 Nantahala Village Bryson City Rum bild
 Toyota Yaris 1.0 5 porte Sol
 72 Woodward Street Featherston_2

____________________

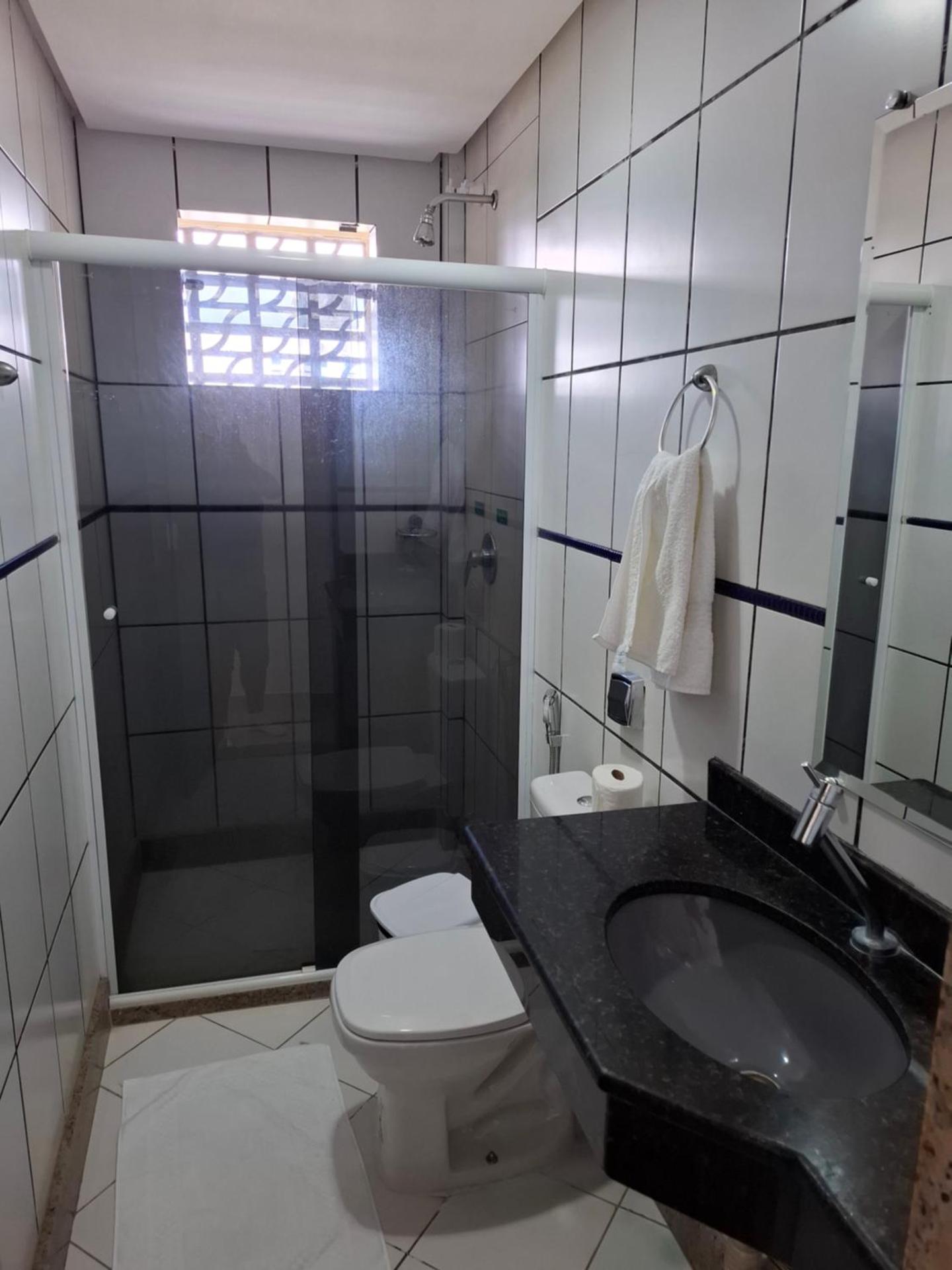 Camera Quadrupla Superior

____________________

### Prompt
Reproduce exactly the lines above from the line with "Toyota Yaris 1.0 5 porte Sol" to the line with "72 Woodward Street Featherston_2", including both, and add nothing.

### Output
 Toyota Yaris 1.0 5 porte Sol
 72 Woodward Street Featherston_2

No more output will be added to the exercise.